Dairy product prices rose 10.9 percent in the GlobalDairyTrade auction overnight, taking the gain over the last two events to 23 per cent after nearly six months of declines.
Still, the US$2,078 whole milk powder price is still below the US$2,200 level needed to achieve Fonterra Cooperative Group's 2015/16 $3.85 per kilogram of milk solids forecast payout to farmers, and the auction provided only a "modicum" of support for the kiwi, ANZ said.
ANZ expects the kiwi to trade between 63 US cents and 63.90 cents today. In New Zealand today, ANZ publishes its Commodity Price Index at 1pm.
The New Zealand dollar advanced to 90.13 Australian cents from 89.41 cents yesterday after the Reserve Bank of Australia kept its benchmark interest rate unchanged yesterday. Today, Australian second-quarter GDP data is due out.

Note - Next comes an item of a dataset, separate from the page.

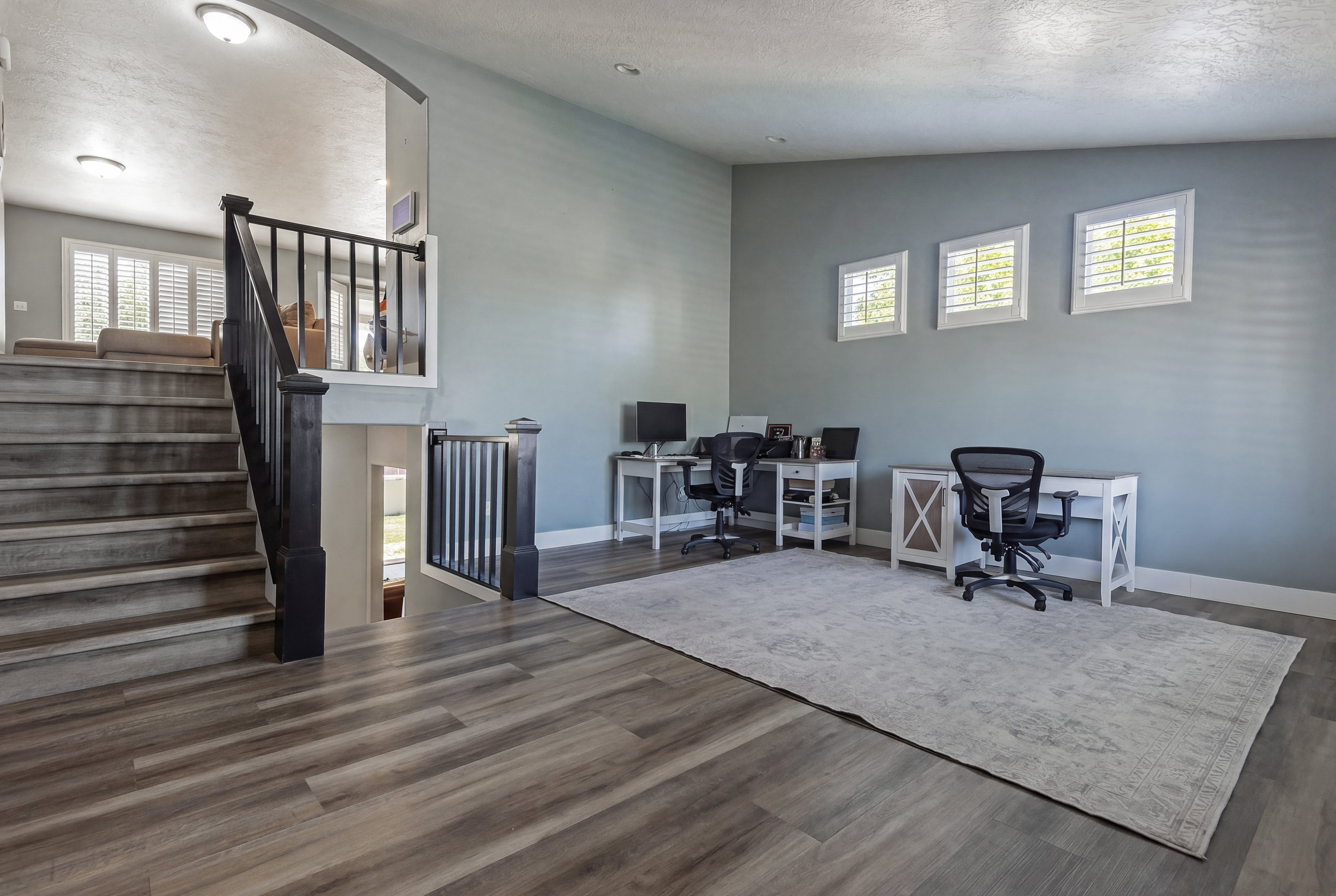 Spacious open-concept area featuring wood-finish flooring, a contemporary staircase with dark wood newel posts and spindles, three windows with plantation shutters, and light blue wall paint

The local currency fell to 56.04 euro cents from 56.56 cents yesterday as investors favoured the lower yielding euro over high yielding currencies like the kiwi in times of risk aversion.
It edged lower to 41.36 British pence from 41.40 pence yesterday.
The kiwi dropped to 75.79 yen from 76.97 yen, and declined to 60.78 Swiss franc from 61.29 franc. It slipped to 4.0284 yuan from 4.0585 yuan yesterday.